Innenminister planen neues bundesweites Musterpolizeigesetz

Bei der Quellen-TKÜ können die Behörden mit einer Software die laufende Kommunikation eines Verdächtigen auf einem Gerät mitlesen, bevor sie verschlüsselt wird. Beide Instrumente sollen nach Angaben des Ministers in den kommenden Sitzungswochen in der Strafprozessordnung geregelt werden.

Die Bundesländer wiederum müssen nach der Konferenz womöglich mit weniger Kompetenzen leben. Mit einem neuen Musterpolizeigesetz soll es künftig deutschlandweit einheitlichere Sicherheitsstandards geben. "Wir brauchen keinen Flickenteppich bei der inneren Sicherheit", sagte de Maizière. Künftig benötige ein Bundesland schon gute Gründe, wenn es von den gemeinsamen Regelungen abweichen wolle.

Der Bundesinnenminister kündigte zudem einen neuen Umgang mit islamistischen Gefährdern an. "Wir haben den Beschluss gefasst, dass wir die Gefährder- und Gefährdungsbewertung auf neue Füße stellen." Es gebe beim Bundeskriminalamt ein neues Analysemodell, um diese künftig besser einzustufen. Im gemeinsamen Terrorabwehrzentrum sollten dann Maßnahmen "besprochen und in den Ländern gemeinsam und verbindlich umgesetzt werden".
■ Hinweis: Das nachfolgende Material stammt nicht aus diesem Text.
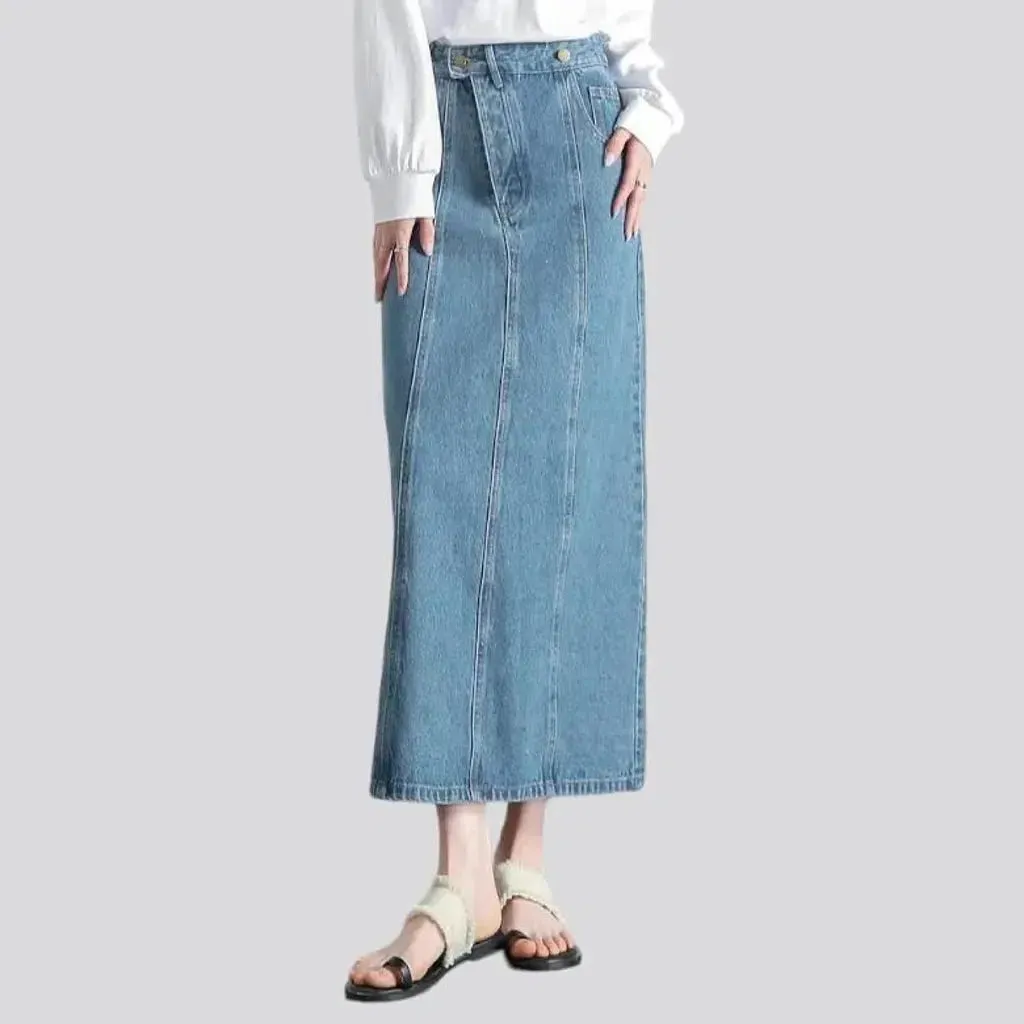 Long patchwork-stitching jean skirt
 for women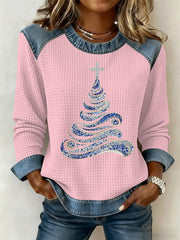 Women's Christmas Print Waffle Sweatshirt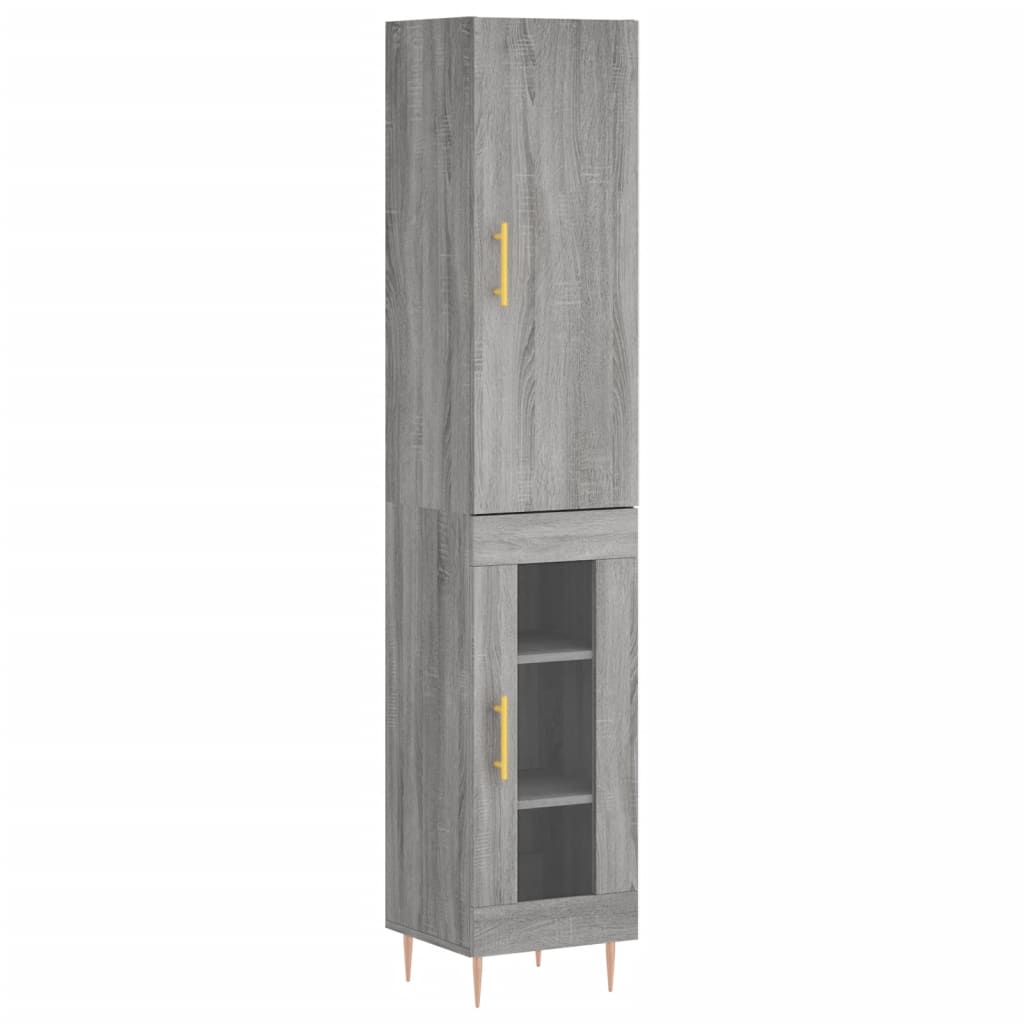 vidaXL Dulap înalt, gri sonoma, 34,5x34x180 cm, lemn prelucrat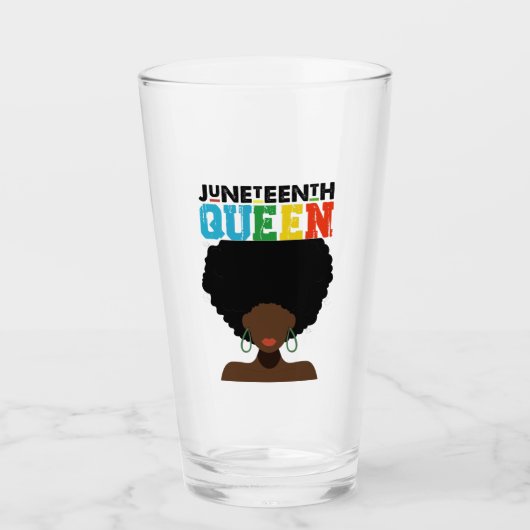 Juneteenth Queen Black Afro Melanin Girl Glas (Vorderseite)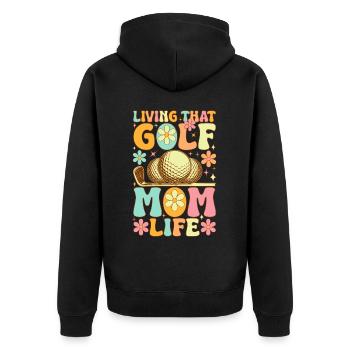 Golf Mom Life Groovy Golfer Golfer Gol - Unisex Premium Organic Zip Hoodie - black - Back - Nico (187cm)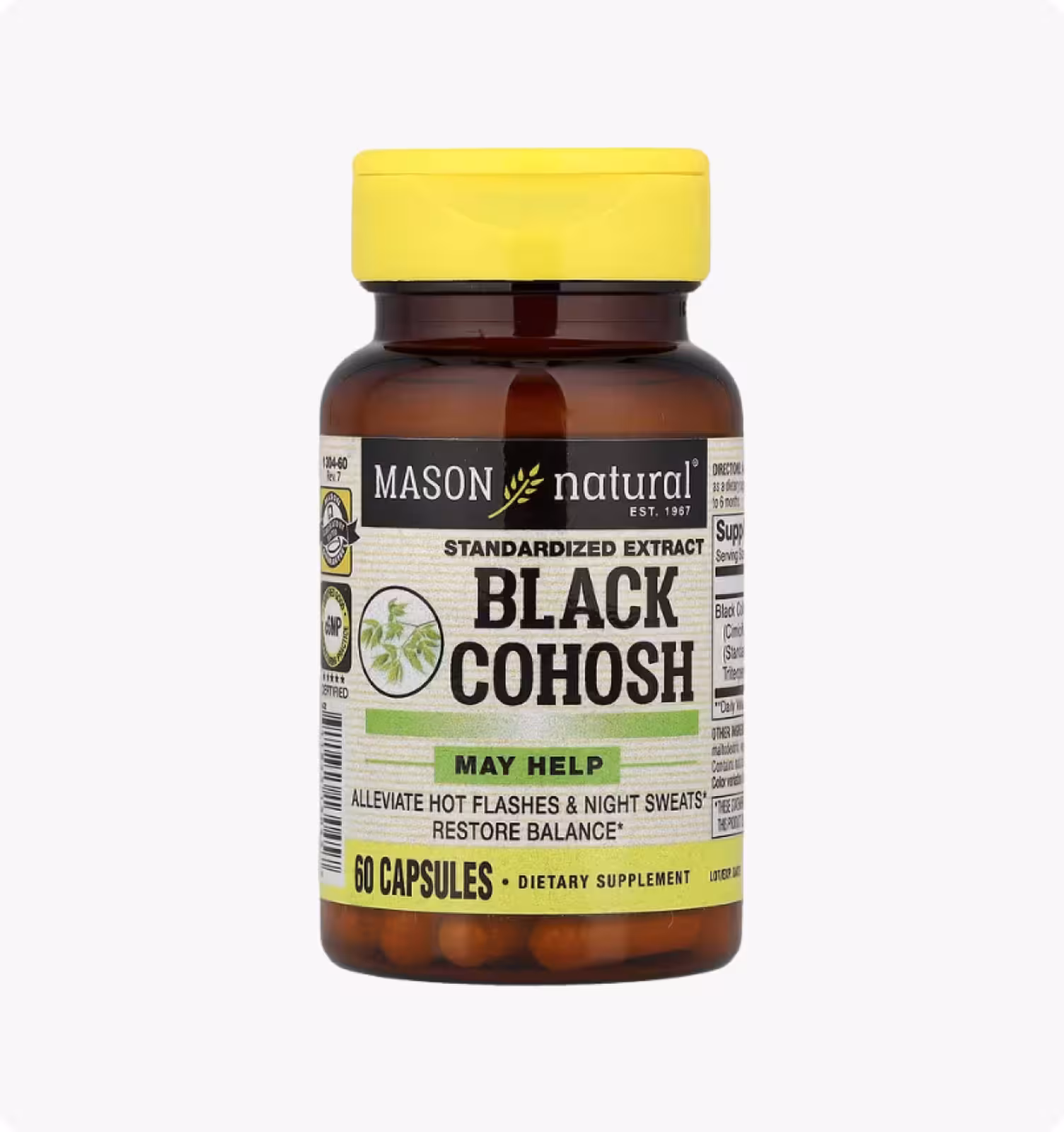 Mason Natural, воронец кистевидный, стандартизованный экстракт, 60 капсул (40 мг в 1 капсуле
Zu den weiteren verabschiedeten Punkten zählt die Regel, wonach auch jungen Asylbewerbern zur Identitätsüberprüfung Fingerabdrücke abgenommen werden dürfen. Auch die sechs- bis 14-jährigen Asylbewerber müssten sich künftig erfassen lassen, sagte der sächsische Innenminister Markus Ulbig (CDU). Auf eine bundesweite Einführung der Schleierfahndung konnte sich die Innenministerkonferenz laut Ulbig dagegen nicht verständigen.

Die Linke warf den Innenministern dennoch "unnütze Gesetzesverschärfungen" vorg. "Mit einem Musterpolizeigesetz wird nicht ein Polizist mehr eingestellt", sagte Parteichef Bernd Riexinger. Außerdem kritisierte er, das Sammeln von immer Daten schaffe keine Sicherheit. Wer Fingerabdrücke von Kindern nehmen wolle, sei von allen guten Geistern verlassen.